Armed robbery. Lowndes Superior Court. Before Judge Elliott.
The defendant appeals his conviction for armed robbery. The sole enumeration of error reads as follows: "Did the trial court err, while granting the defendant's Motion to Suppress a show-up identification, in allowing an out-of-court photographic display identification into evidence, and the subsequent in-court identification, when the defendant had been advised of his right to counsel, demanded an attorney, but was denied counsel at this level of the proceeding?" Held:
1. "A pre-indictment photographic identification does not require the presence of counsel. There is no established constitutional right to counsel at an out-of-court photographic identification where the defendant is not present." Dodd v. State, 236 Ga. 572, 574 (224 SE2d 408). Accord, Key v. State, 146 Ga. App. 536 (5) (246 SE2d 723).
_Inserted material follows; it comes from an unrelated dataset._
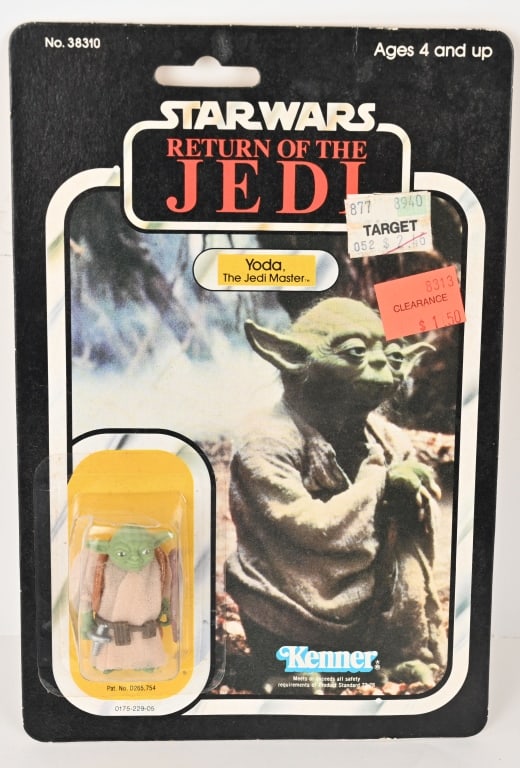 STAR WARS ROTJ YODA w/ BROWN SNAKE 77A BACK MOC (1 of 4)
2. There was a photographic identification of the defendant by each of two eyewitnesses. This was followed by each of the witnesses observing the defendant in a room with several police officers. The defendant's motion to suppress each of these identifications was heard outside the presence of a jury by the trial judge. The motion was denied as to the photographic identification but sustained as to the other ground. When the witnesses subsequently identified the defendant during the trial no objection was interposed. See Smith v. State, 144 Ga. App. 766 (1) (242 SE2d 363); Hill v. State, 238 Ga. 354 (233 SE2d 182).
Applying the two-pronged test of Neil v. Biggers, 409 U. S. 188 (93 SC 375, 34 LE2d 401) under the totality of circumstances we find the photographic identification procedures were not impermissibly suggestive. See Heyward v. State, 236 Ga. 526 (224 SE2d 383).
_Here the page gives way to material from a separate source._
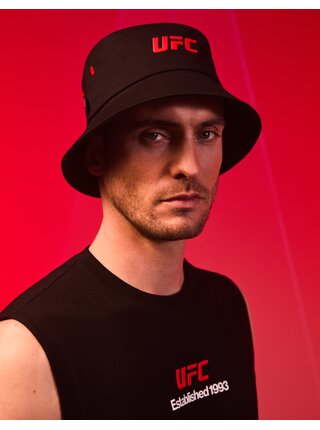Černý pánský bavlněný klobouk Celio UFC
Moreover, there was no substantial likelihood of irreparable misidentification. See Thornton v. State, 238 Ga. 160 (231 SE2d 729). "The factors to be considered in evaluating the likelihood of misidentification include the opportunity of the victim to view the criminal at the time of the crime, the witness' degree of attention, the accuracy of the witness' prior description of the criminal, the level of certainty demonstrated by the witness at the confrontation and the length of time between the crime and the confrontation. Neil v. Biggers, supra, at 199." Gravitt v. State, 239 Ga. 709, 711 (239 SE2d 149). Here, as in Gravitt, supra, the defendant wore no mask and his identification by the witnesses in the photographic display was quick and certain. The identification was made within a few hours of the crime.
The trial judge's decision to admit the evidence was not error.
William E. Moore, Jr., for appellant.